[TASK ITEM]
Return the listing exactly as it appears, but strip out the images.

··· DATASET EXCERPT ···

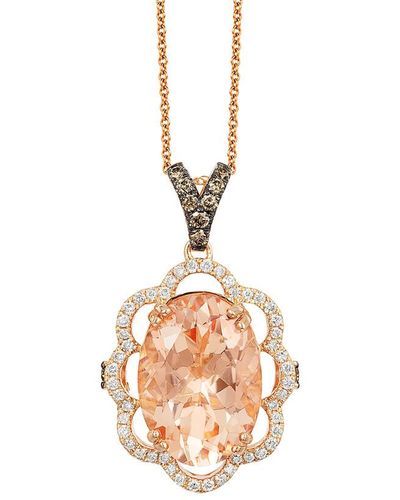 Le Vian Le Vian 14k Rose Gold 4.81 Ct. Tw. Diamond & Peach Morganite Pendant Necklace - White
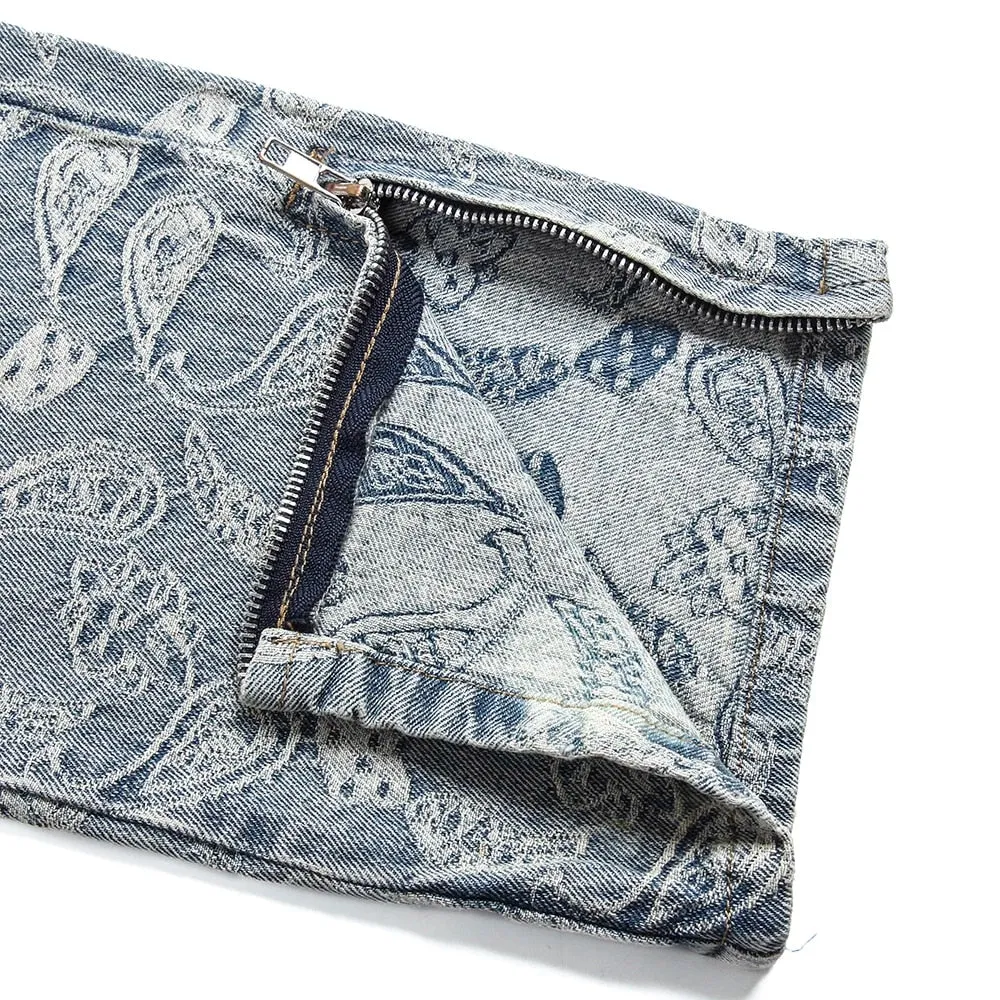 Ripped Denim Jeans with Ankle Zip and Paisley Pattern Embroidery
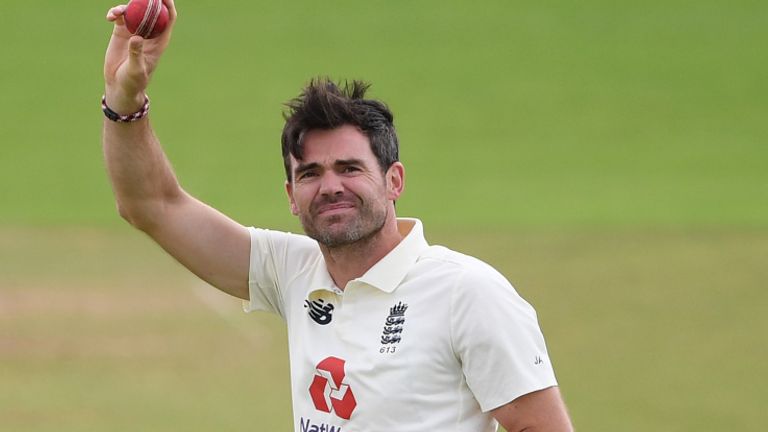 James Anderson celebrates his 600th Test wicket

···

[ANSWER TO THE PROBLEM]
 Le Vian Le Vian 14k Rose Gold 4.81 Ct. Tw. Diamond & Peach Morganite Pendant Necklace - White
 Ripped Denim Jeans with Ankle Zip and Paisley Pattern Embroidery
 James Anderson celebrates his 600th Test wicket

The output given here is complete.